*Your objective:* Without including any pictures, write out the listing below exactly.

*Dataset section:*

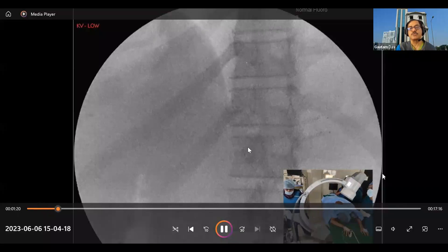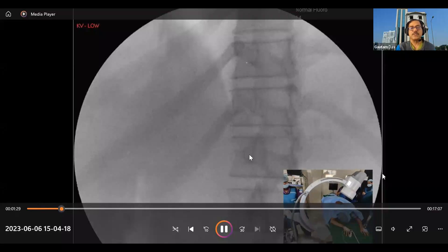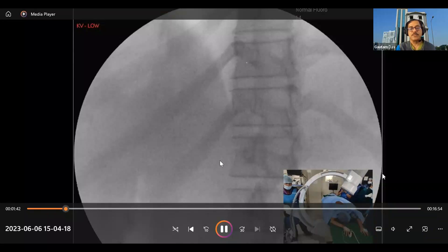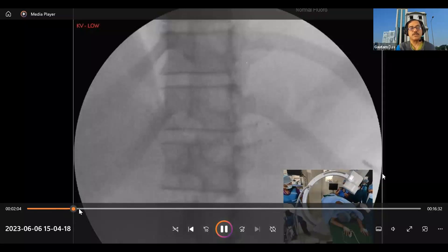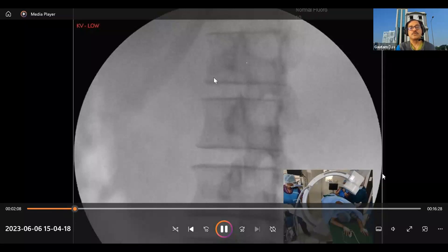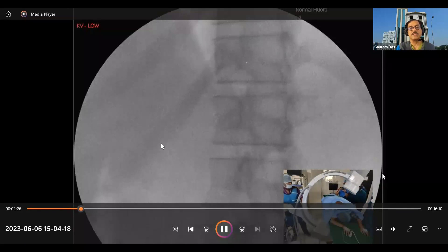With the oblique view, the transverse process is shorter and almost obliterated. At this point, the transverse process has almost vanished on the left side. We can imagine a triangle formed by the twelfth rib and the lateral border of the vertebral body. We then bring the area of interest to the middle of the screen.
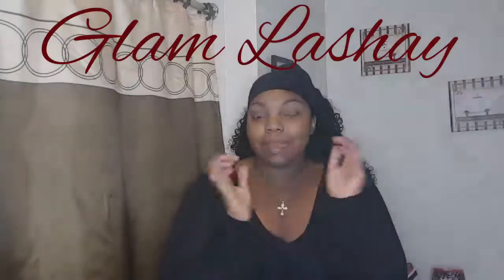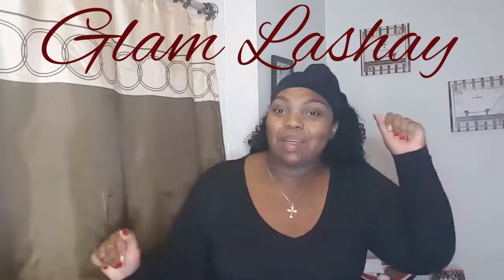Hi, it's your girl Glam Lachey and I'm here with another video. This time I'm filming me getting ready for Thanksgiving. This will probably be up after Thanksgiving 2016, but who cares — you guys can see how I got this bomb glam. If you're interested, stay tuned and you're gonna see me go from this.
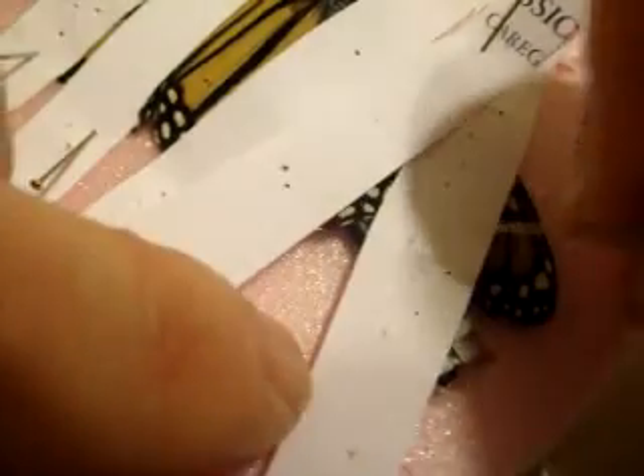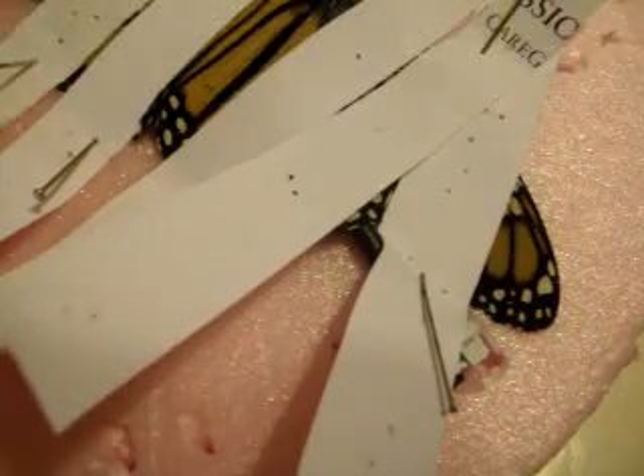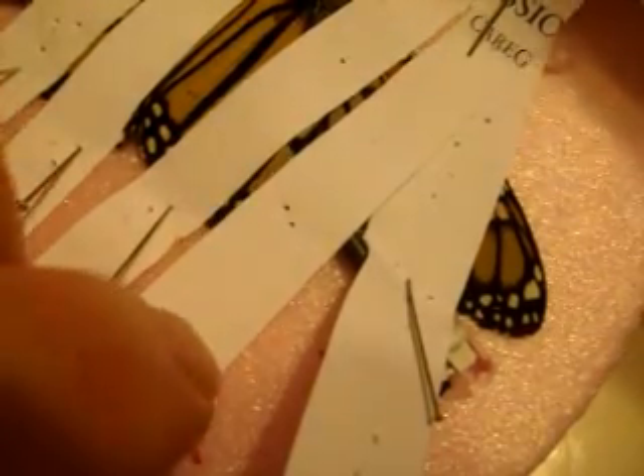First we do the one which goes sort of not over the wire, not over the wire. And then we do the one which does go over the wire.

*Response below:*
With the oblique view, the transverse process is shorter and almost obliterated. At this point, the transverse process has almost vanished on the left side. We can imagine a triangle formed by the twelfth rib and the lateral border of the vertebral body. We then bring the area of interest to the middle of the screen.
Hi, it's your girl Glam Lachey and I'm here with another video. This time I'm filming me getting ready for Thanksgiving. This will probably be up after Thanksgiving 2016, but who cares — you guys can see how I got this bomb glam. If you're interested, stay tuned and you're gonna see me go from this.
First we do the one which goes sort of not over the wire, not over the wire. And then we do the one which does go over the wire.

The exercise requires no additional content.